警視庁の事件対応を巡る訴訟で和解が成立し、記者会見する冨田真由さん=28日午後、東京都千代田区 東京都小金井市で2016年、音楽活動をしていた冨田真由さんがファンの男に刺され重傷を負った事件で、警視庁の対応に不備があったなどとして、冨田さんと母親が都などに損害賠償を求めた訴訟は28日、東京地裁(堀内元城裁判長)で和解が成立した。冨田さん側によると、都側が見舞金を支払い、再発防止に向けた対応を強化する内容。
冨田さんを襲った受刑者の男(36)=殺人未遂罪などで懲役14年6月が確定=に対する訴訟の判決も同日あり、堀内裁判長は請求通り計約7600万円の賠償を命じた。
訴訟で冨田さん側は「『殺されるかもしれない』と訴えていたのに必要な警備を怠った」と主張。都側は、具体的な危険が切迫している状況を事前に認識することはできなかったとしていた。

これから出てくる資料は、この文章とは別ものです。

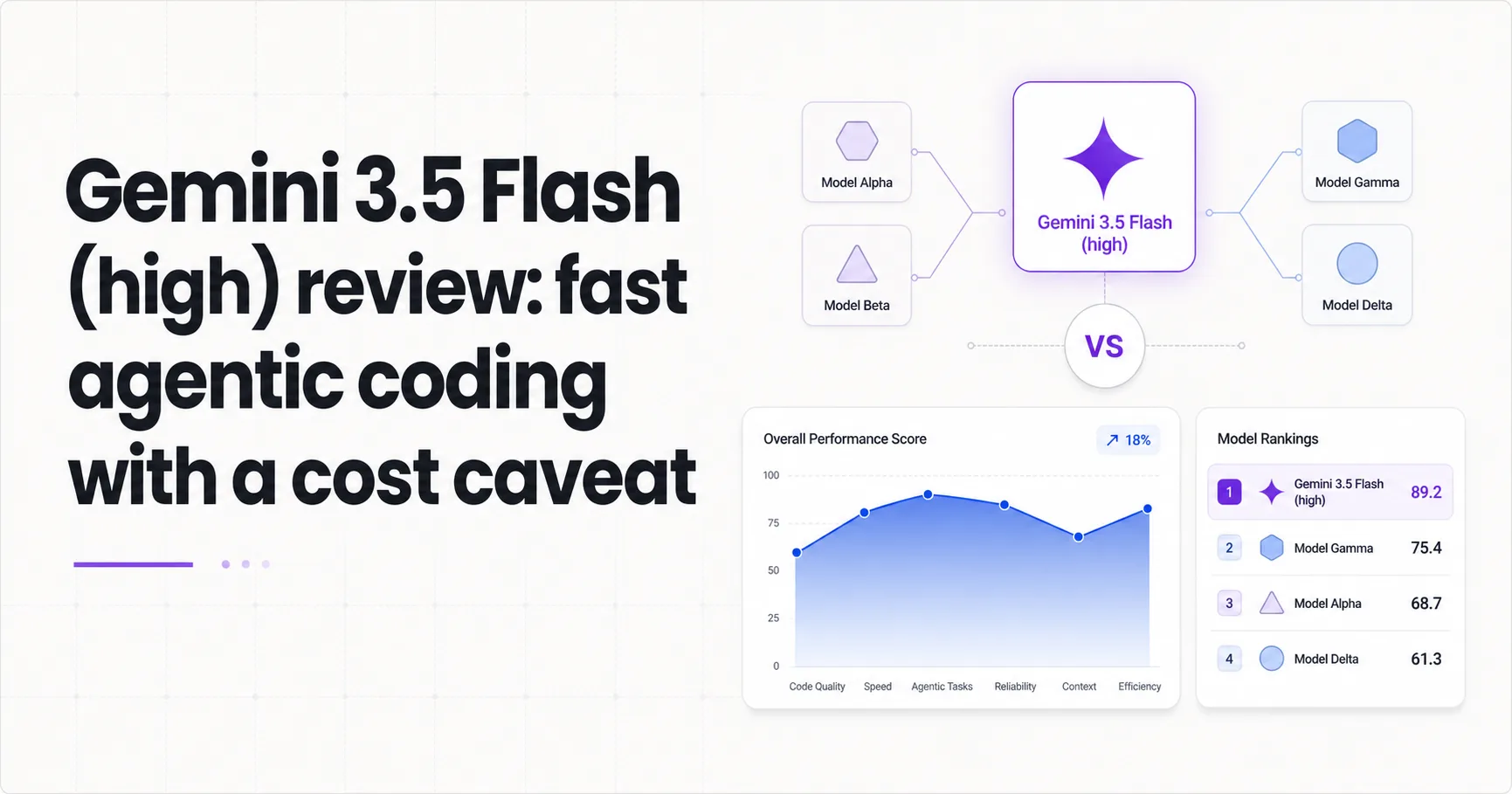 Gemini 3.5 Flash (high) review: fast agentic coding with a cost caveat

冨田さん側の代理人弁護士によると、和解条項には「警視庁は事案の危険性および切迫性の的確な判断と組織的対応の強化措置を講じるなど、時代の流れに即した対応に努める」と明記された。
事件は16年5月に発生。当時20歳だった冨田さんはライブ会場付近で男に首や胸などを刺され、一時意識不明の重体となった。男は17年に実刑が確定。冨田さんらが19年、男や都などに計約7600万円の賠償を求め提訴していた。
記者会見した冨田さんは「つらい、苦しい9年だった。和解の中で警視庁が被害者の声に真摯(しんし)に耳を傾けることを約束してほっとしている」とコメントした。
警視庁の話 事前に相談を受けながら被害防止できなかったことを重く受け止め、再発防止に向け取り組む。